When my morning newspapers first began mentioning the appearance of a mysterious new illness in China during mid-January, I paid little attention, absorbed as I was in the aftermath of our sudden assassination of Iran’s top military leader and the dangerous possibility of a yet another Middle Eastern war. But the reports persisted and grew, with deaths occurring and evidence growing that the viral disease could be transmitted between humans. China seemed unsuccessful in its initial efforts to halt the spread of the disease using convention methods.

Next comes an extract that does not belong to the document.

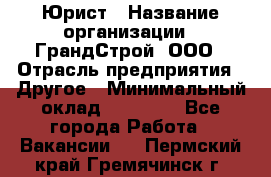 Юрист › Название организации ­ ГрандСтрой, ООО › Отрасль предприятия ­ Другое › Минимальный оклад ­ 30 000 - Все города Работа » Вакансии   . Пермский край,Гремячинск г.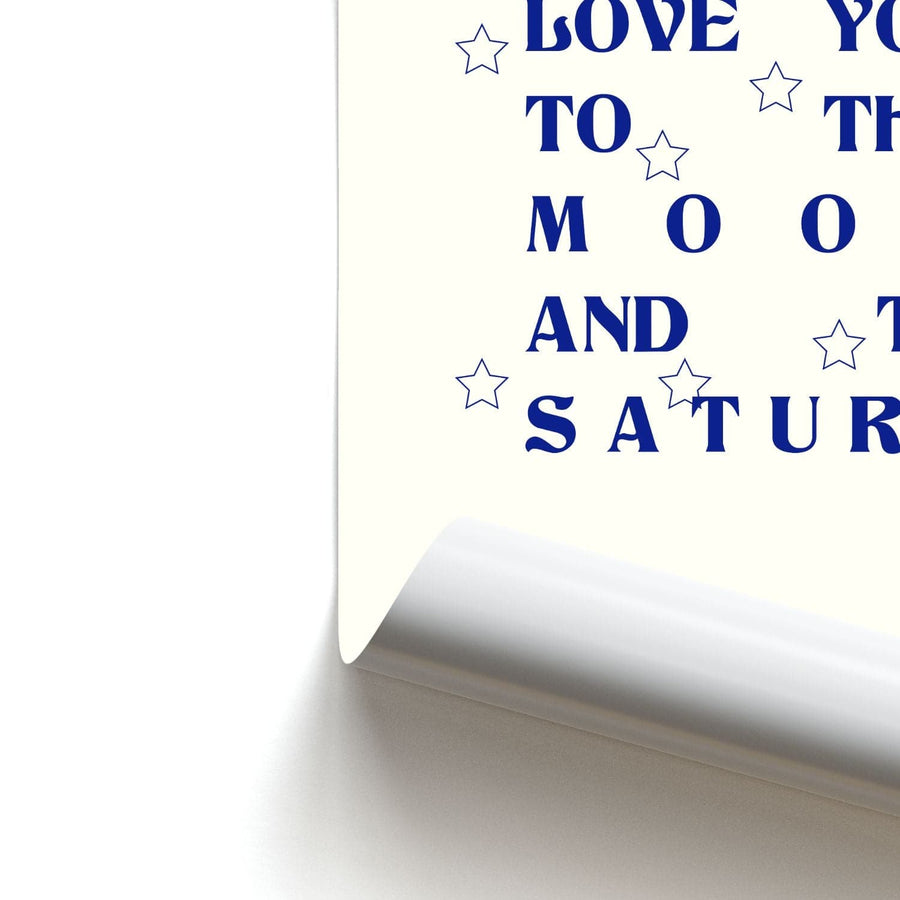 Love You To The Moon And To Saturn - Taylor Poster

Then on Jan. 23rd and after only 17 deaths, the Chinese government took the astonishing step of locking down and quarantining the entire 11 million inhabitants of the city of Wuhan, a story that drew worldwide attention. They soon extended this policy to the 60 million Chinese of Hubei province, and not longer afterward shut down their entire national economy and confined 700 million Chinese to their homes, a public health measure probably a thousand times larger than anything previously undertaken in human history. So either China’s leadership had suddenly gone insane, or they regarded this new virus as an absolutely deadly national threat, which they must take all possible steps to control.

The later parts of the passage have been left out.